I'm developing a website that allows users to explore a massive discography. All the data is currently stored in a JSON file, which I'm converting to JSON-LD in order to make it semantic and crawlable by search engines.
Schema.org has a standard type for Music Albums, which doesn't have properties for some of the data I store (and present to users) for each album. These properties are marked as errors by Google's structured data validator. My question is: does Google just ignore the custom properties or will it penalize the site for using unsupported properties?
You can use multiple vocabularies in JSON-LD (e.g., with compact IRIs in the
@context
).If the vocabulary Schema.org has no suitable properties/types, there most likely already exists a (probably domain-specific) vocabulary that does have them. See this answer about how to find vocabularies.
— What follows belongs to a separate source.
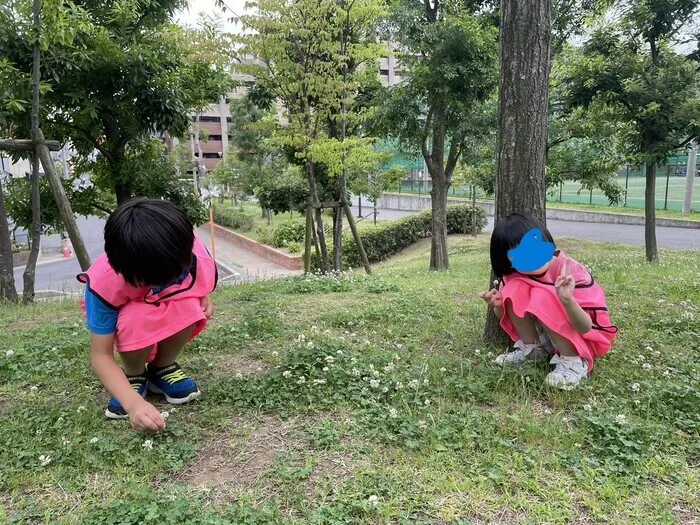 ふれあい児童発達支援・放課後等デイサービス　南行徳教室/四つ葉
If you can’t reuse existing vocabularies, you can create your own. See this answer about how to create your own RDF vocabulary.
What you should of course not do is "inventing" terms in the Schema.org namespace. If it’s not defined by Schema.org, no one knows what it should mean; and the same term could be defined in the future with a different meaning than you expected.
If you only provide the structured data for SEO reasons, note that the search engines Google/Bing/Yahoo/Yandex only support the vocabulary Schema.org (they are its sponsors), so using other or your own vocabularies is currently not relevant for SEO; but it’s of course a good idea for all the other benefits structured data can provide.